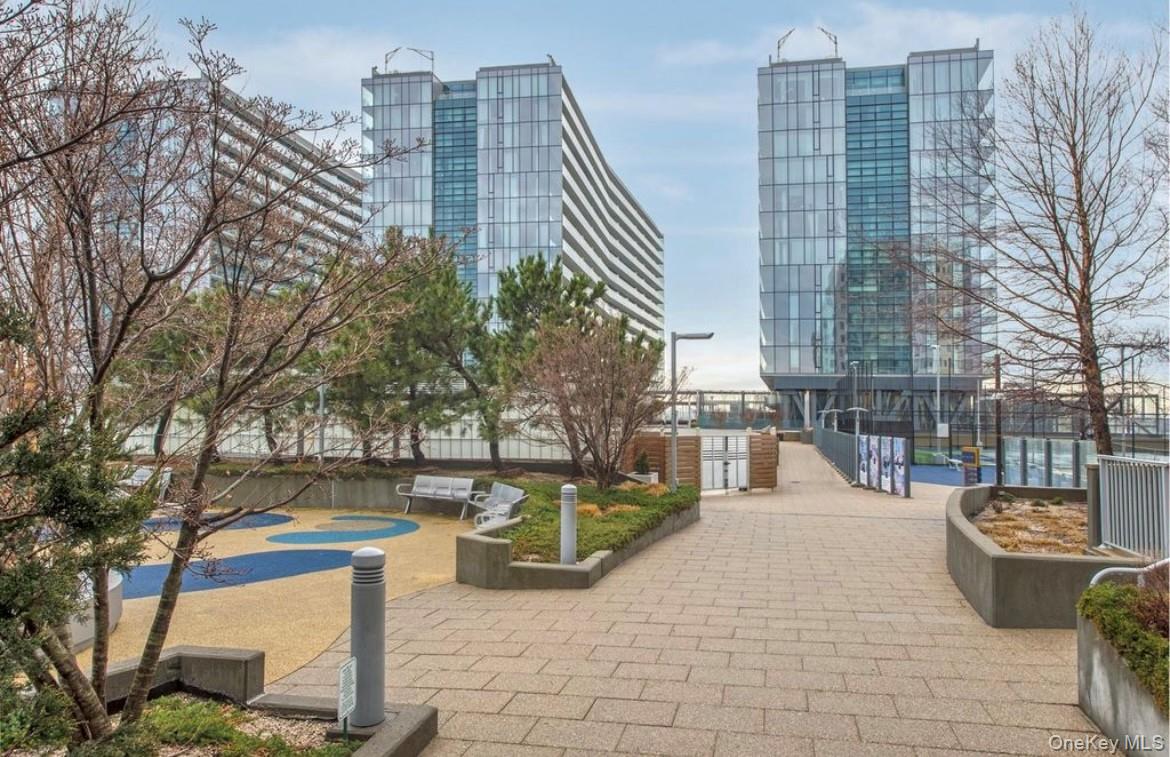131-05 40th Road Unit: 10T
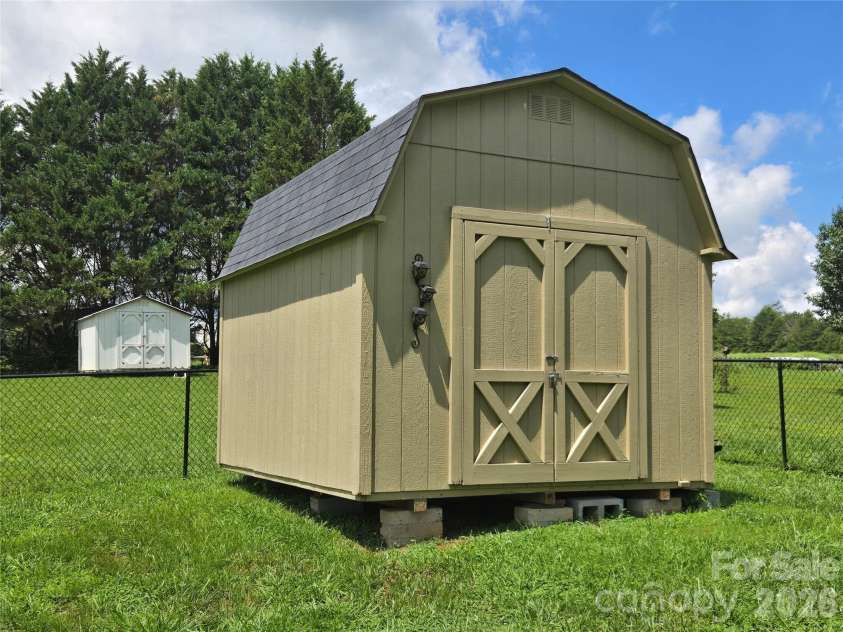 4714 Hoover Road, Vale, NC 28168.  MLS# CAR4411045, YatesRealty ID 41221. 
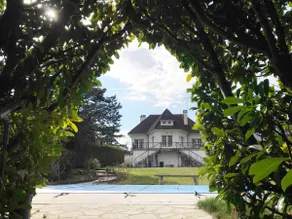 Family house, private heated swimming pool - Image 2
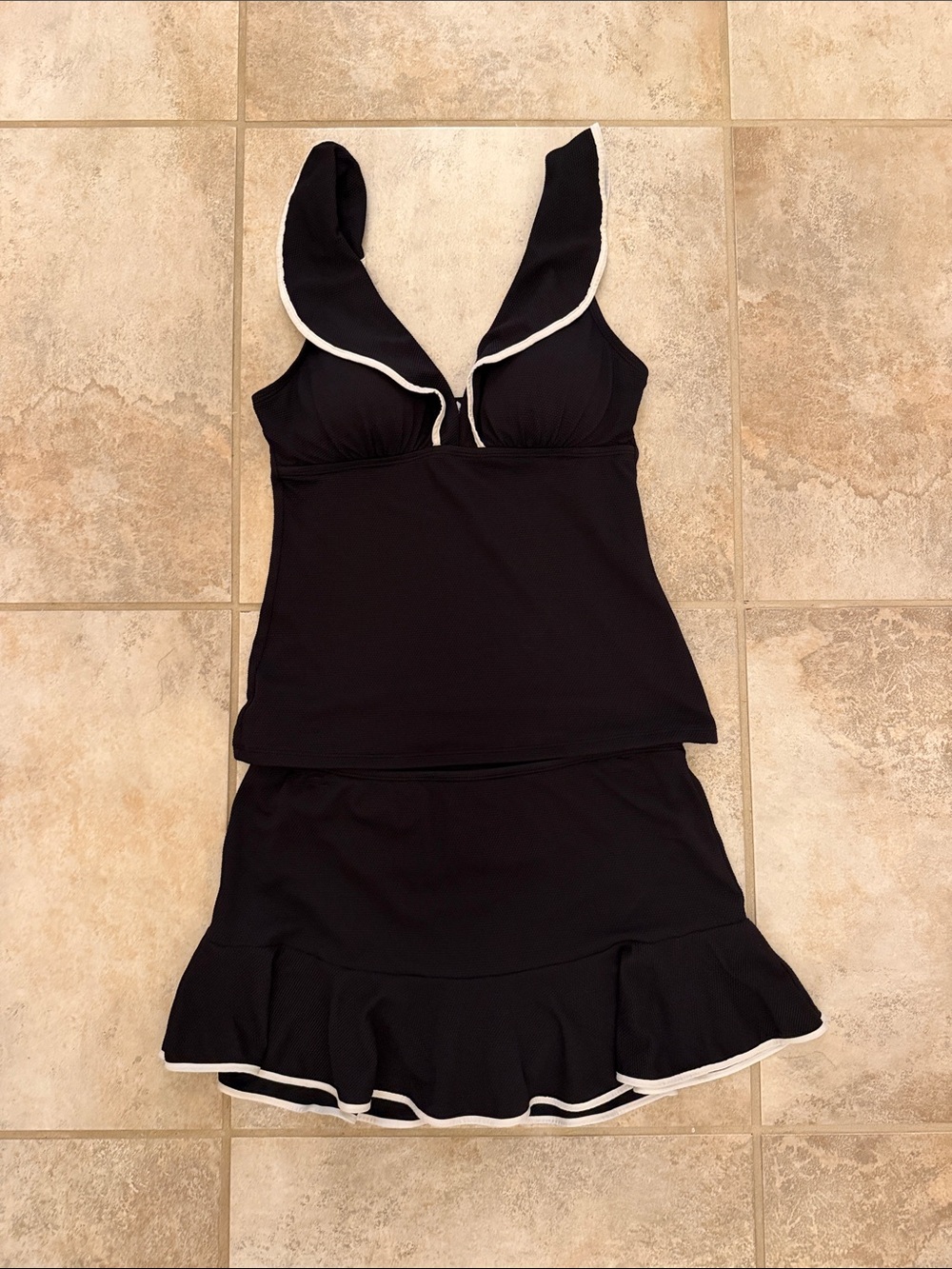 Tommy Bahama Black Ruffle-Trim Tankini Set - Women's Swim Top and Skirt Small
- - - -
> [Task instructions] Give again, word for word, the lines above from the one with "4714 Hoover Road, Vale, NC" through the final line of the data, both ends included. Do not copy any picture.

> [Solution to the problem]
 4714 Hoover Road, Vale, NC 28168.  MLS# CAR4411045, YatesRealty ID 41221. 
 Family house, private heated swimming pool - Image 2
 Tommy Bahama Black Ruffle-Trim Tankini Set - Women's Swim Top and Skirt Small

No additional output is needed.